From 2022, our new CPD requirements are in effect for all veterinarians. Changes from previous years include:

  • removal of the previous points-based CPD system
  • removal of the requirement to gather a certain number of points or hours each year
  • removal of the requirement to categorise CPD into different areas.

The APC form asks you to confirm that you understand and are meeting our CPD requirements. It’s important that you make sure you are familiar with the requirements before you answer this question. If you say “no” you will still be able to proceed with your application and it’s likely we will contact you to discuss your situation.

We’re mindful of the impact of COVID-19 and the veterinarian shortage on veterinarians. We will take a pragmatic approach to any issues you have with completing CPD.

If you’d like to discuss your CPD please phone or email us at [email protected] .

Declaration

You need to personally complete your APC application. Don’t get somebody else to do this for you.

Please answer this section carefully and honestly. We may treat false declarations or representations as a disciplinary matter.

Fees and payment

There is a discount for early completion of your APC application and payment. To get the discount, we must receive both your application and payment by 8 March. You will need to pay the full fee (no negotiation), if your payment and/or application arrive after 8 March.

We need to receive your APC renewal fee by 31 March so that you can legally practise from 1 April.

You can see the current fees on our fees page.

Workforce survey

We appreciate your contribution in completing this survey. The information you give us is used to monitor workforce trends and provides a valuable information for workforce development and planning. It won’t be published in a form that can identify individual respondents.

Complete this survey only if you were engaged in veterinary practice (which inlcudes non-clinical work) in New Zealand during the previouse year, ended 31 December, (See "who needs an APC?).

Workplace location: We need your physical workplace location so that we can produce accurate data on the geographical distribution of the workforce. Please enter the physical address of the workplace you mostly practiced from in the last calendar year and include the post code.

Employment types(s), role(s), work types(s) and the hours you work per week by work type: The online survey has pre-populated the employment type(s), role(s) and work type(s) fields with the responses you gave last year. Please modify these responses if you need to when completing this section.
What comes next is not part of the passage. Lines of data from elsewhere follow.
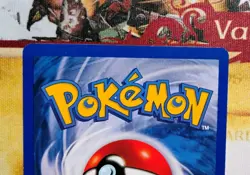 Vileplume 15/64 Holo Rare 1st Edition Jungle LP Pokemon - Image 5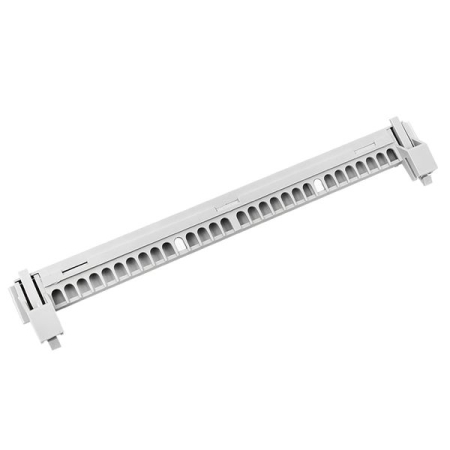 Держатель для установки шин N/PE (без шин)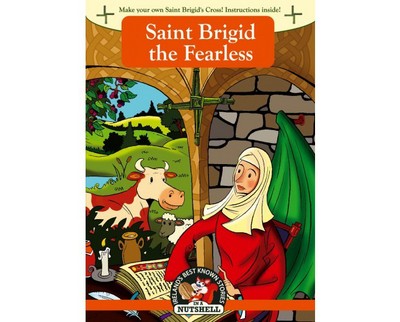 Saint Brigid the Fearless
  • If you have difficulty identifying a typical week estimate the % of time spent over the year in each work type and apply this to the average hours worked per week.
  • There are 4 sections to record your employment type, role and work type and the hours worked by work type. If you have only one employment type, role and work type you will only need to fill in one section.
  • If you need more than the 4 sections provided, record details for the work types you work the most hours in, and enter any additional hours worked per week in the box provided.
  • If you select OT (other) as a code please specify what this is in the relevant box.
  • Please use the detailed work type codes. Only use the ‘collapsed’ categories of MX, PA and RG if it is not possible to record all your work types or if too difficult to assign hours worked to each work type.

Questions about your weekly hours worked, weeks worked, practicing intentions and absence from NZ: These questions are relevant for both clinical and non-clinical veterinarians given the definition of practice includes activities such as reporting or giving advice in a veterinary capacity, regulatory and compliance functions, teaching, consultancy, research and management roles.


If you want to practise as from 1 April, you need to answer all the application questions, complete the declaration section and pay the fee. You will jeopardise the issue of your APC if you don’t make sure to do all these things.